Information similar to the following output is returned:

JobId: 14008
State: FINISHED
Progress: 100%
TaskInfo: {"partitions":["*"],"mem limit":2147483648,"column separator":",","line delimiter":"\n","tablet num":1,"broker":"hdfs","coord num":1,"db":"default_cluster:db1","tbl":"tbl3",columns:["col1", "col3"]}
Path: oss://bj-test/export/
CreateTime: 2019-06-25 17:08:24
StartTime: 2019-06-25 17:08:28
FinishTime: 2019-06-25 17:08:34
Timeout: 3600
ErrorMsg: N/A

For detailed syntax and parameter descriptions, see SHOW EXPORT.

Cancel an export job

You can use the CANCEL EXPORT statement to cancel an export job that you have submitted. Example:

CANCEL EXPORT WHERE queryid = "921d8f80-7c9d-11eb-9342-acde48001122";

NOTE

In the preceding example, queryid is the query ID of the export job.

For detailed syntax and parameter descriptions, see CANCEL EXPORT.

Best practices

Query plan splitting

The number of query plans into which an export job is split varies depending on the number of tablets involved in the export job and on the maximum amount of data that can be processed per query plan. Export jobs are retried as query plans. If the amount of data processed by a query plan exceeds the maximum amount allowed, the query plan encounters errors such as jitters in remote storage. As a result, the cost of retrying the query plan increases. The maximum amount of data that can be processed per query plan by each BE is specified by the export_max_bytes_per_be_per_task parameter, which defaults to 256 MB. In a query plan, each BE is allocated at least one tablet and can export a data amount that does not exceed the limit specified by the export_max_bytes_per_be_per_task parameter.

The multiple query plans of an export job are concurrently executed. You can use the FE parameter export_task_pool_size to specify the maximum number of export tasks that are allowed to concurrently run by the thread pool. This parameter defaults to 5.

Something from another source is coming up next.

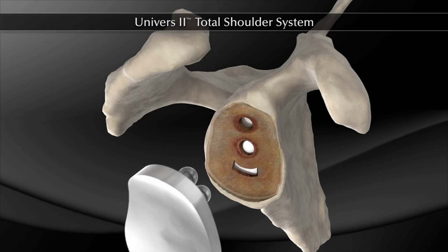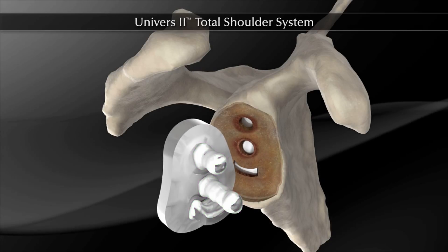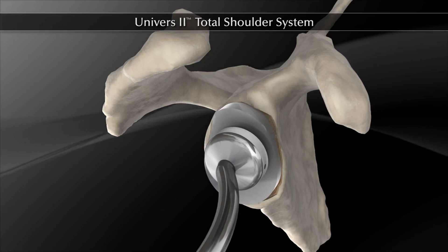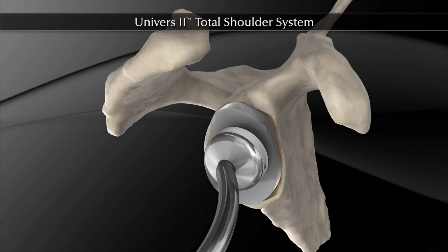The appropriate size glenoid implant is opened and bone cement is pressed into the keel fenestration and around the pegs. The implant is pushed into the cement-filled glenoid vault and impacted. The glenoid component is held firmly in place until the cement has cured.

In normal cases, each query plan of an export job consists of only two parts: scanning and exporting. The logic for performing computations required by query plans does not consume much memory. Therefore, the default memory limit of 2 GB can meet most of your business requirements. However, in certain circumstances, such as when a query plan requires scanning many tablets on a BE or a tablet has many versions, the 2-GB memory capacity may be insufficient. In these circumstances, you need to use the load_mem_limit parameter to specify a higher memory capacity limit, such as 4 GB or 8 GB.